## EXERCISE DETAILS
Beginning at the line with "Náměstí Míru", please repeat each line exactly through the end of the records below, including that first line and the last, but no pictures.

[[ DATA FOR ANALYSIS, beginning ]]

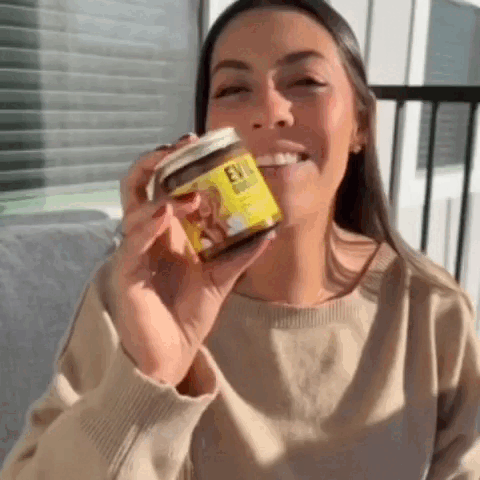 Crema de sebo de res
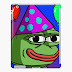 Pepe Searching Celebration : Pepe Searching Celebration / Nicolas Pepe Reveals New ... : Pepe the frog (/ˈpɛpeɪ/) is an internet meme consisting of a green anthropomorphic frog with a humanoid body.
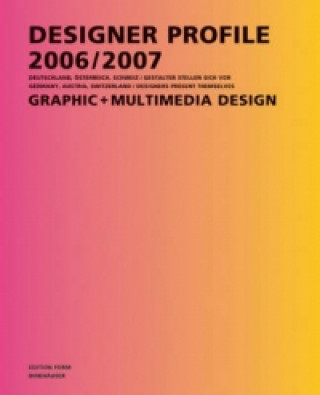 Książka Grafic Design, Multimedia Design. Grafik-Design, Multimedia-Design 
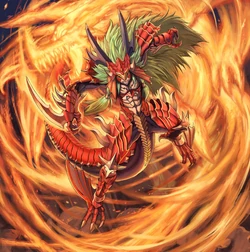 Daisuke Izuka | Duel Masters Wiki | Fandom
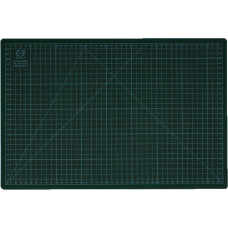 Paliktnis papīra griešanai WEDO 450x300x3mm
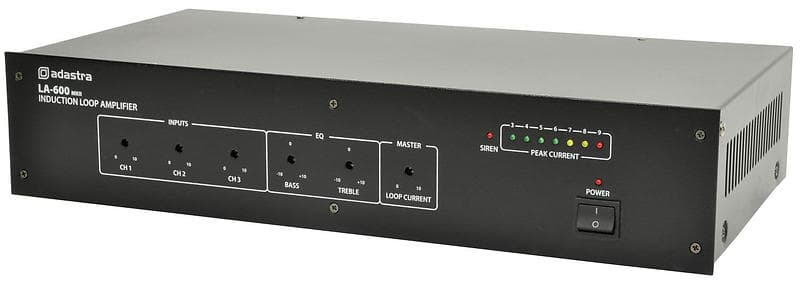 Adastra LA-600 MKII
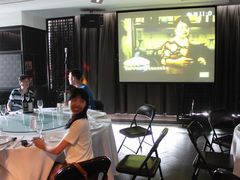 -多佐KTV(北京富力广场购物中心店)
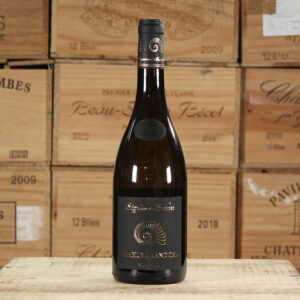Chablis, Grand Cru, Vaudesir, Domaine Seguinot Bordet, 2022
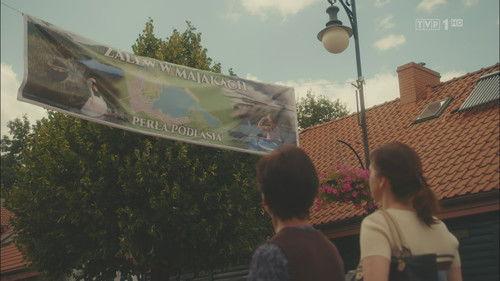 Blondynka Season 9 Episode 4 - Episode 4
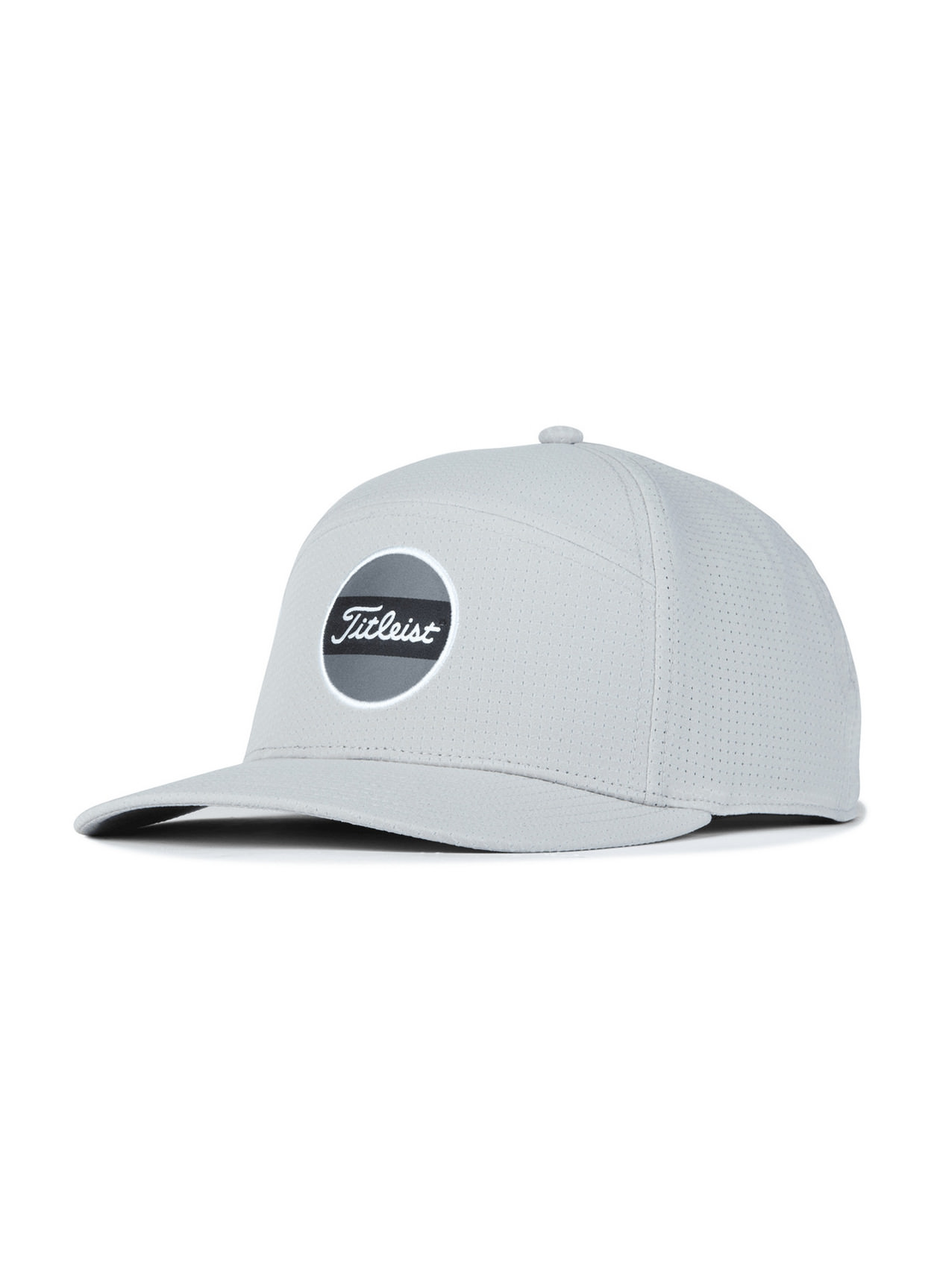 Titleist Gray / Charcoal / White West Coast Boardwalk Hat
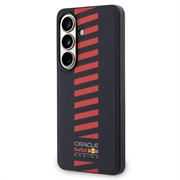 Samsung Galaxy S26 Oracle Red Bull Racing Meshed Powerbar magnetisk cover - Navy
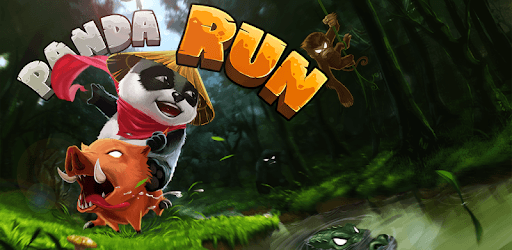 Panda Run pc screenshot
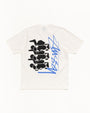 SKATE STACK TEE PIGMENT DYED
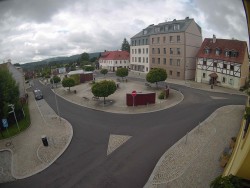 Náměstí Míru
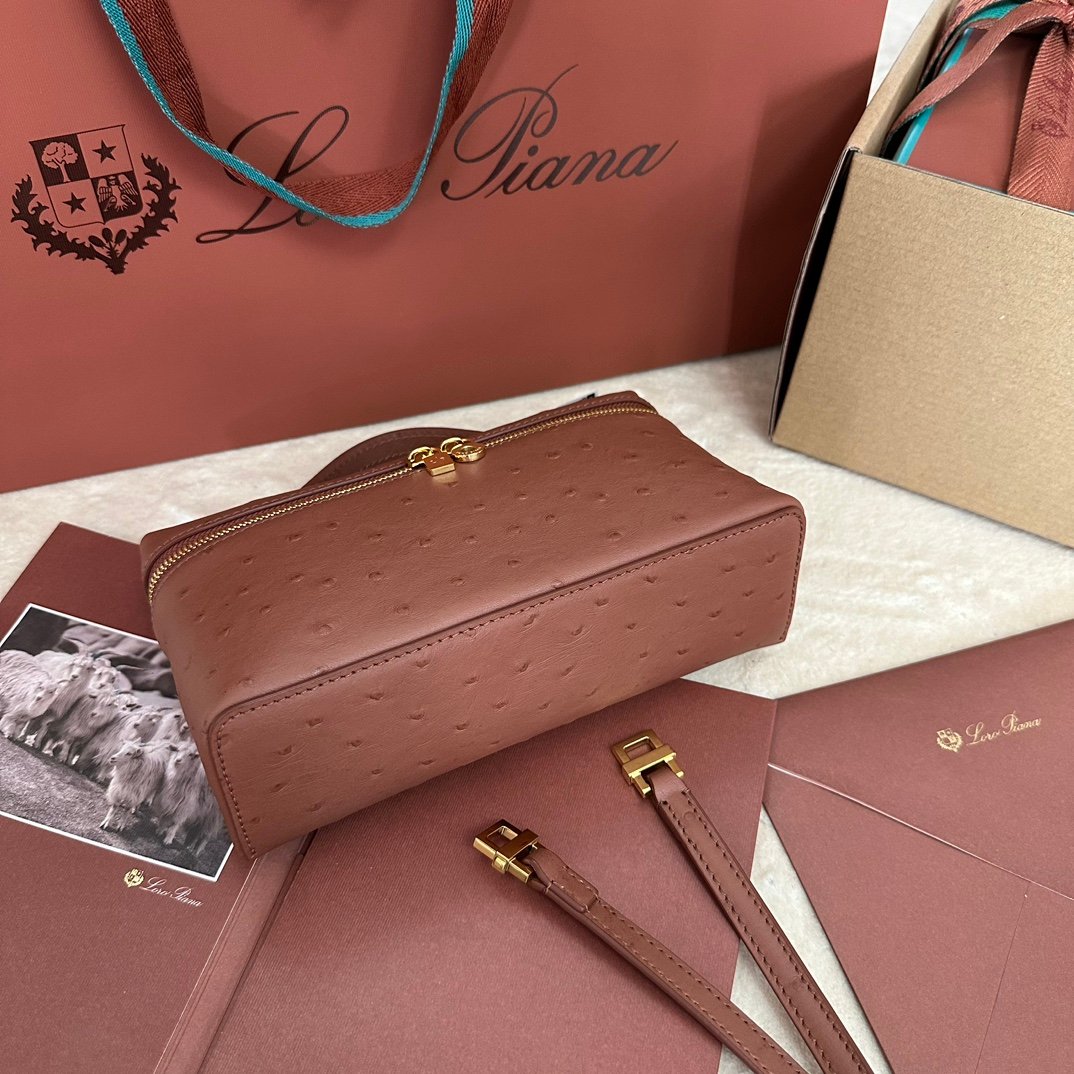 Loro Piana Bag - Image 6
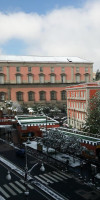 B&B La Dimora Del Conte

[[ DATA FOR ANALYSIS, end ]]

## SOLVED EXERCISE
 Náměstí Míru
 Loro Piana Bag - Image 6
 B&B La Dimora Del Conte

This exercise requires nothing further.